> **Exercise prompt**
Set down again each entry exactly as it reads, pictures excluded.

#### Provided material ####

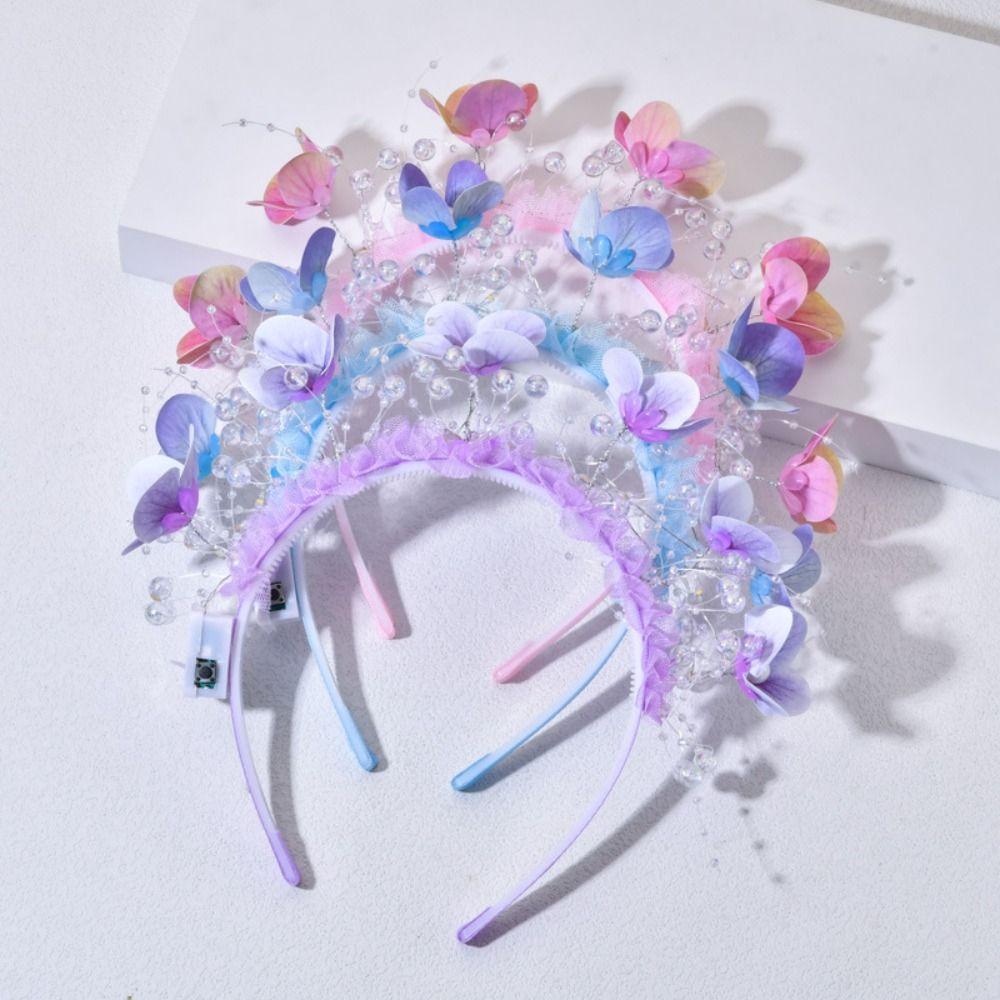 Butterfly Decoration LED Light-Up Hairband Sweet Flower Headband Birthday Party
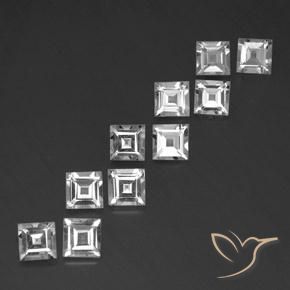 7.32 ctw White Topaz Stones, Natural Topaz in Square Facet Shape for Sale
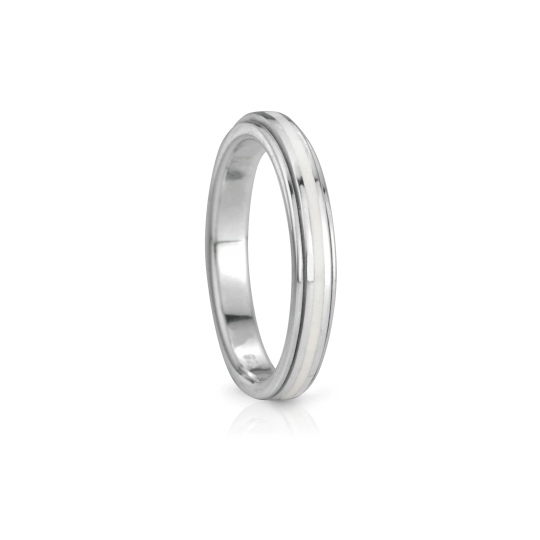 Virtue Spiritual Sterling Silver fidget ring for children with white enamel spinning band, from our fidget jewelry collection featuring spin rings for anxiety. 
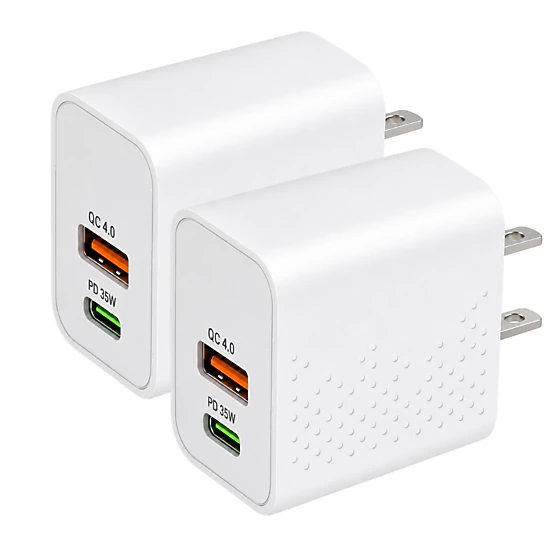 Qixxronics Fast Charger 35W USB A USB C Charger for Samsung Galaxy S26 S25 S24 S23, A17 A35 A55 A54, Z Flip, Z Flop (2PCS)
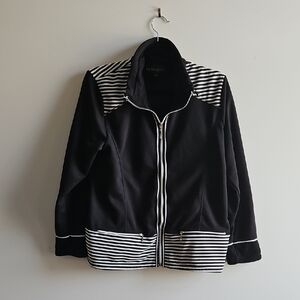 2/$20 La Madona - Black and White Striped Jacket - Size Small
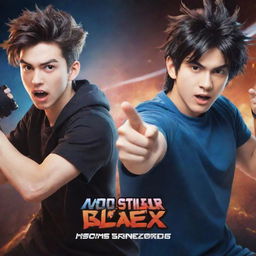 Design a perfect YouTube banner in the style of anime cartoons, showcasing two brothers fully engaged in a video game. The banner should brilliantly blend in the text 'VorteX BlazeX', showcasing the fun and spirit of gaming.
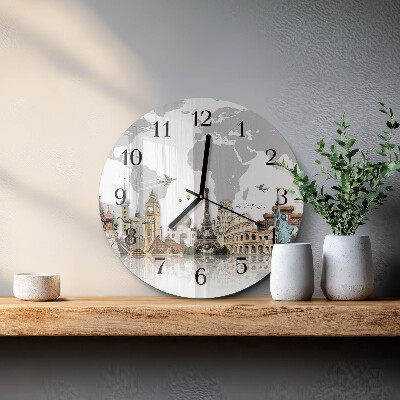 Runde wanduhr aus glas Welt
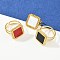Square 304 Stainless Steel Enamel Finger Rings for Women, Ion Plating(IP), Real 18K Gold Plated, Mixed Color, Square: 16x16mm, US Size 6(16.5mm)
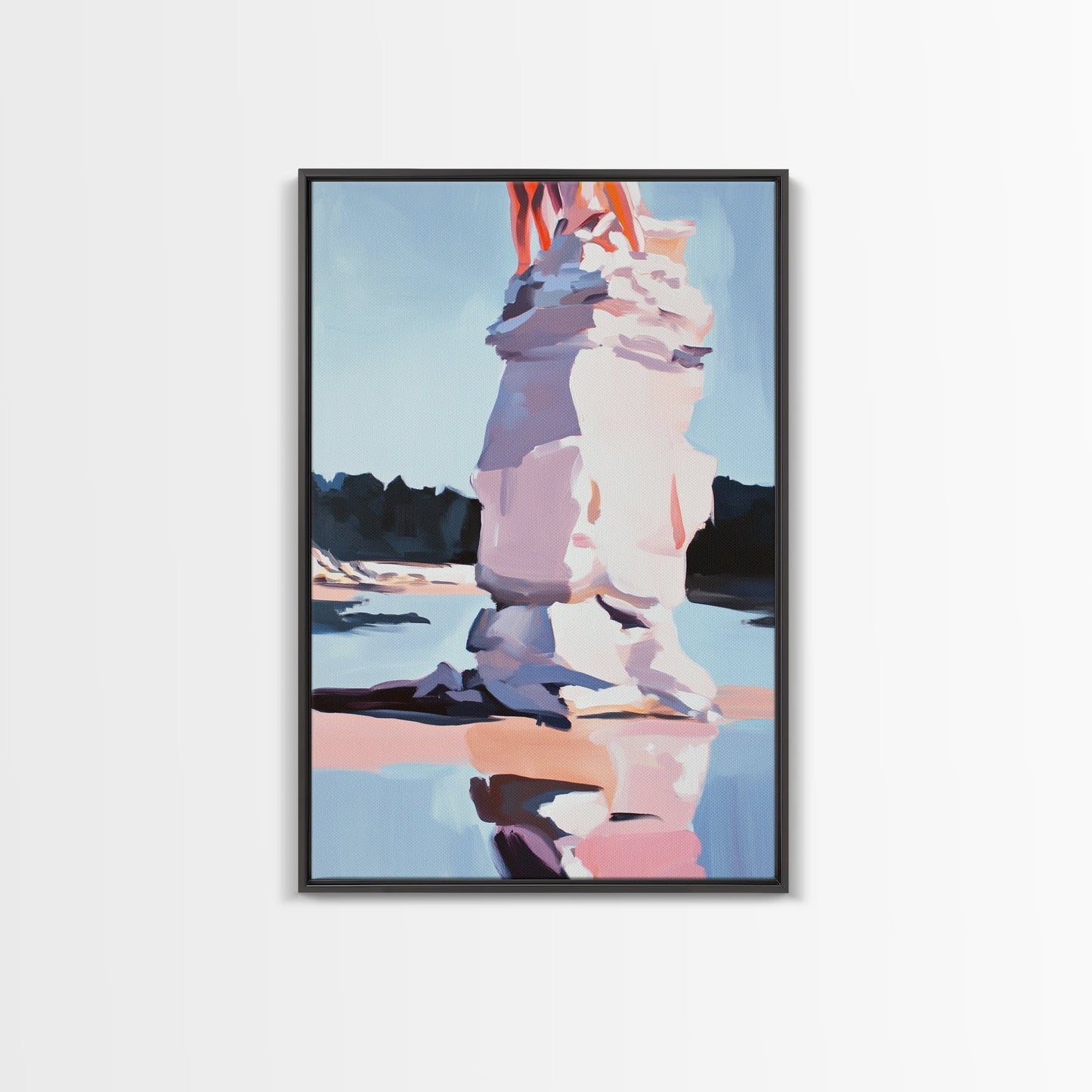 Pink Ice, Abstract, Winter Wall Art, Modern Home Decor, Pastel Landscape, Nature Inspired, Contemporary Art, Framed Canvas Print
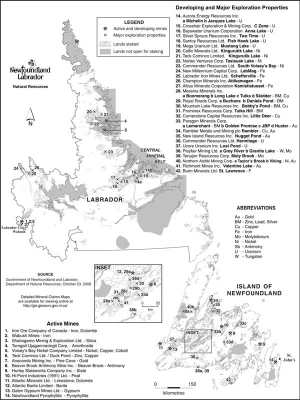 The staked claims in Newfoundland and Labrador as of October 2008.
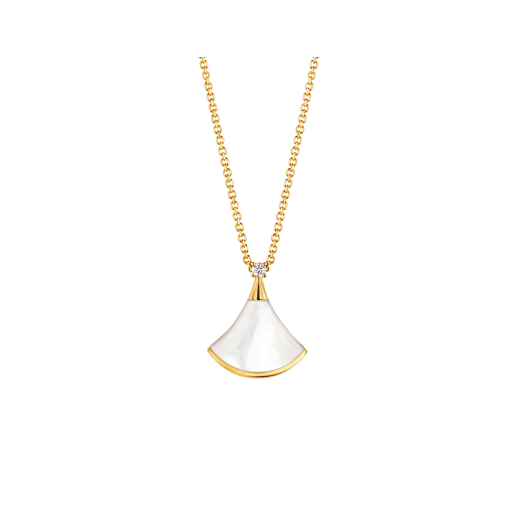 [Marins]DREAM NECKLACE WHITE MOP GOLD 1 DIAMOND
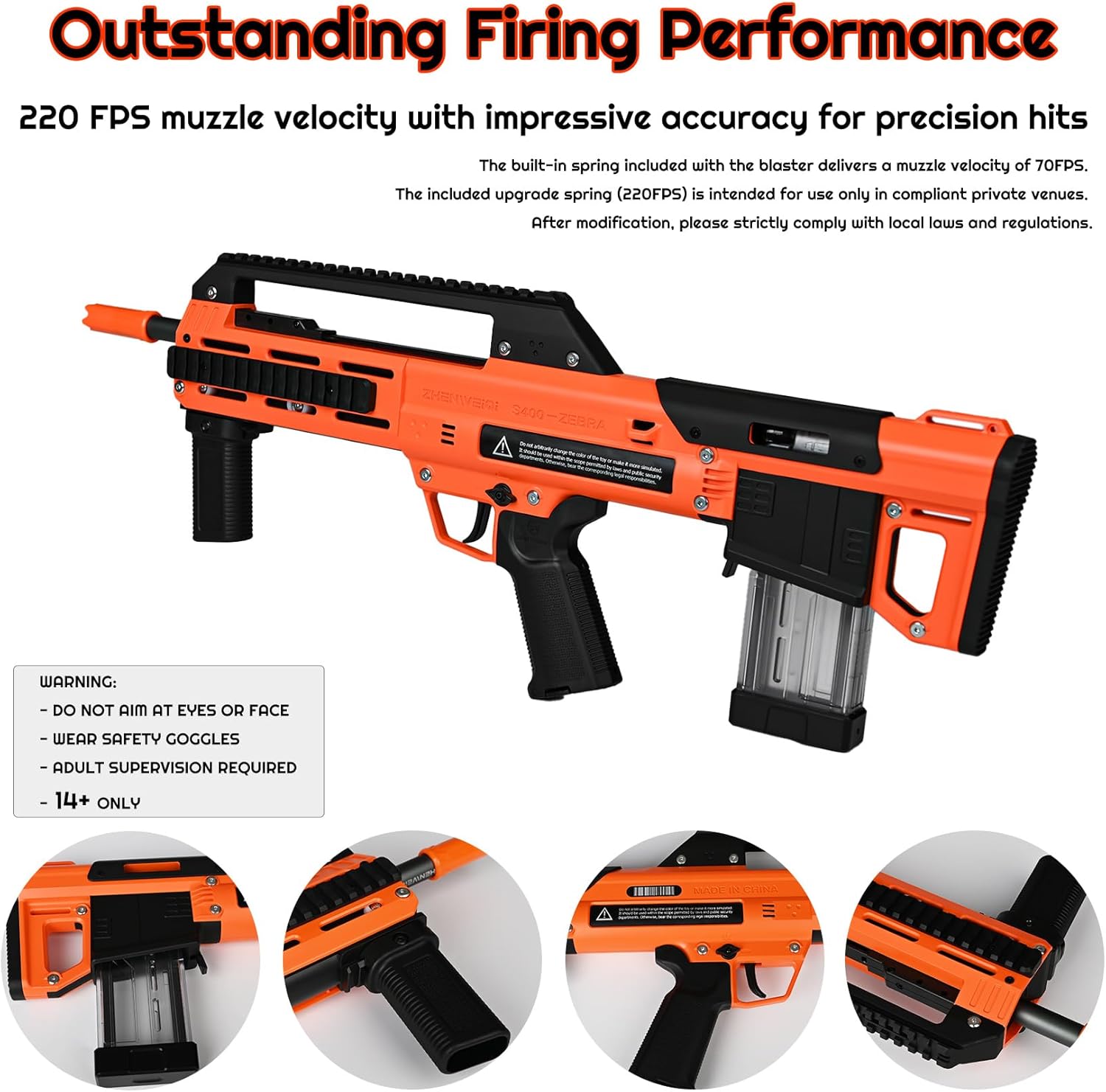 Zhenweiqi Zebra S400 Short Dart Blaster, 200 FPS High-Performance Manual Foam Blaster with 10-Round Magazine, Compatible with Standard Short Darts (Orange)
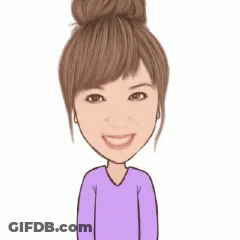 A Cartoon Of A Woman With A Bun Is Smiling And Holding Her Hands Together . GIF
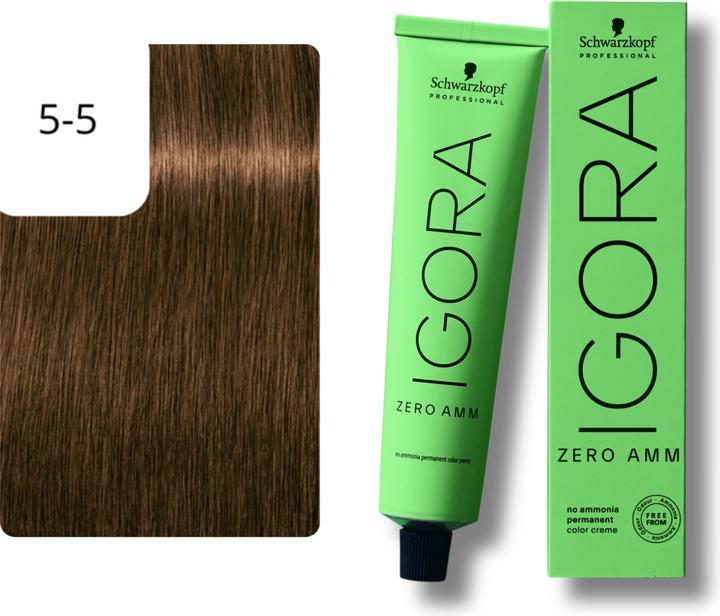 Actual product image Schwarzkopf Igora Zero AMM - 5-5 Light Brown Gold (5-5 Light Brown Gold)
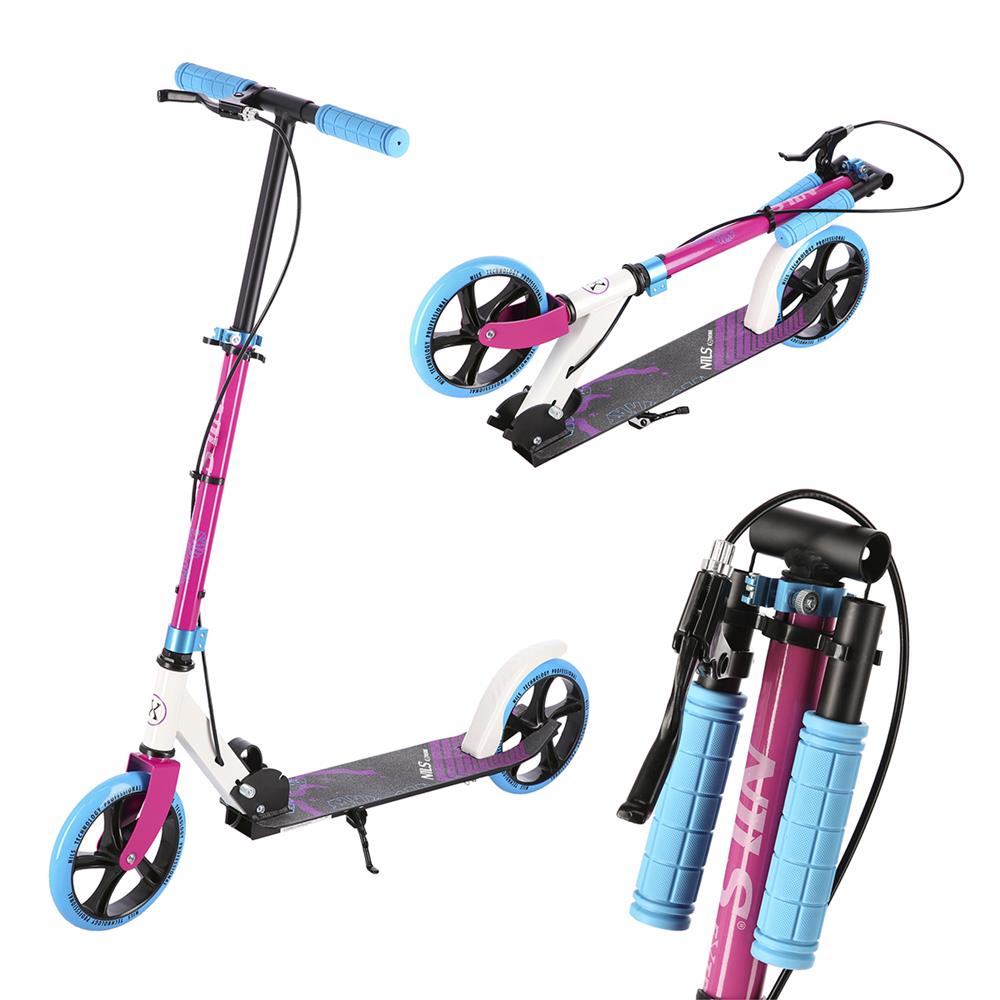 NILS EXTREME HM0107 City Scooter Weiß-Pink, Freizeitroller, ABEC-7, Handbremse, bis 100 kg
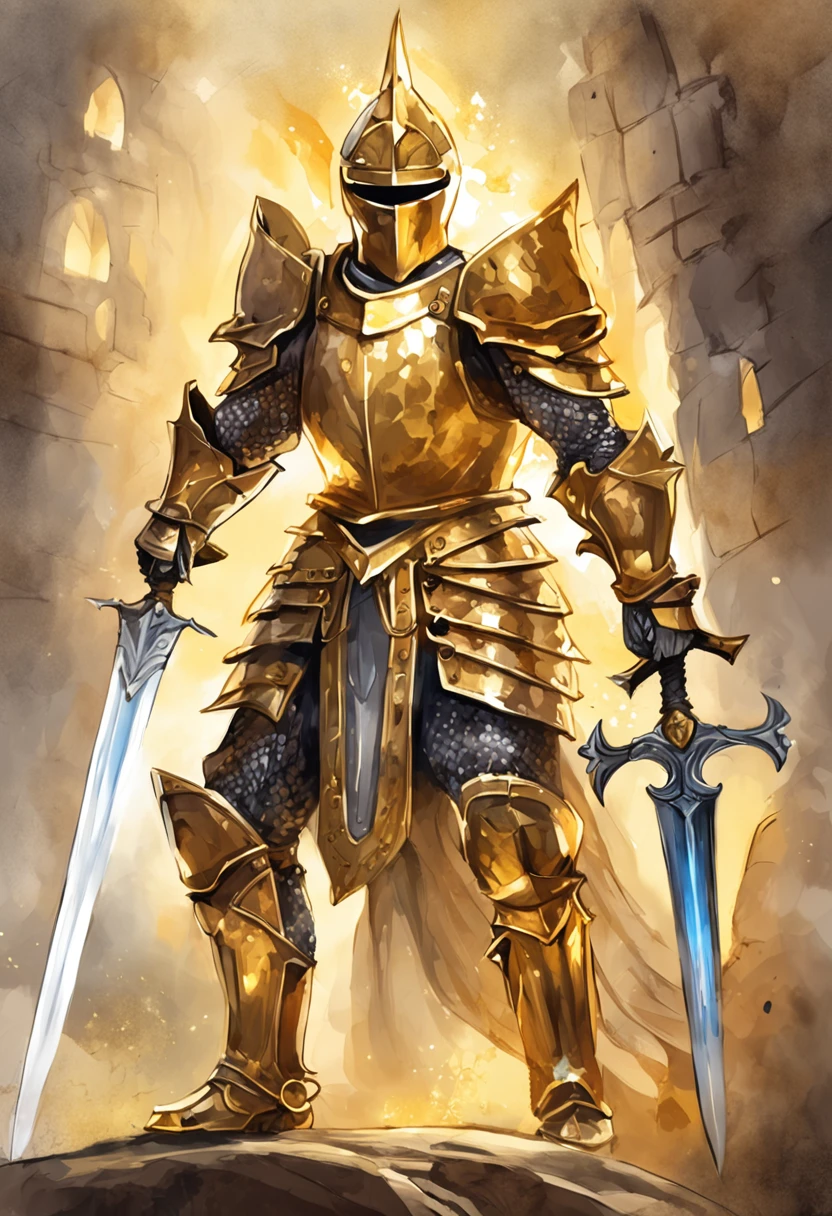 Knight wearing gleaming golden armor wielded a luminous sword that emanates a lot of light and a strong shield that the hardest rock poses for presentation not cut image best quality possible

####

> **Result below**
 Butterfly Decoration LED Light-Up Hairband Sweet Flower Headband Birthday Party
 7.32 ctw White Topaz Stones, Natural Topaz in Square Facet Shape for Sale
 Virtue Spiritual Sterling Silver fidget ring for children with white enamel spinning band, from our fidget jewelry collection featuring spin rings for anxiety. 
 Qixxronics Fast Charger 35W USB A USB C Charger for Samsung Galaxy S26 S25 S24 S23, A17 A35 A55 A54, Z Flip, Z Flop (2PCS)
 2/$20 La Madona - Black and White Striped Jacket - Size Small
 Design a perfect YouTube banner in the style of anime cartoons, showcasing two brothers fully engaged in a video game. The banner should brilliantly blend in the text 'VorteX BlazeX', showcasing the fun and spirit of gaming.
 Runde wanduhr aus glas Welt
Square 304 Stainless Steel Enamel Finger Rings for Women, Ion Plating(IP), Real 18K Gold Plated, Mixed Color, Square: 16x16mm, US Size 6(16.5mm)
 Pink Ice, Abstract, Winter Wall Art, Modern Home Decor, Pastel Landscape, Nature Inspired, Contemporary Art, Framed Canvas Print
 The staked claims in Newfoundland and Labrador as of October 2008.
 [Marins]DREAM NECKLACE WHITE MOP GOLD 1 DIAMOND
 Zhenweiqi Zebra S400 Short Dart Blaster, 200 FPS High-Performance Manual Foam Blaster with 10-Round Magazine, Compatible with Standard Short Darts (Orange)
 A Cartoon Of A Woman With A Bun Is Smiling And Holding Her Hands Together . GIF
 Actual product image Schwarzkopf Igora Zero AMM - 5-5 Light Brown Gold (5-5 Light Brown Gold)
 NILS EXTREME HM0107 City Scooter Weiß-Pink, Freizeitroller, ABEC-7, Handbremse, bis 100 kg
 Knight wearing gleaming golden armor wielded a luminous sword that emanates a lot of light and a strong shield that the hardest rock poses for presentation not cut image best quality possible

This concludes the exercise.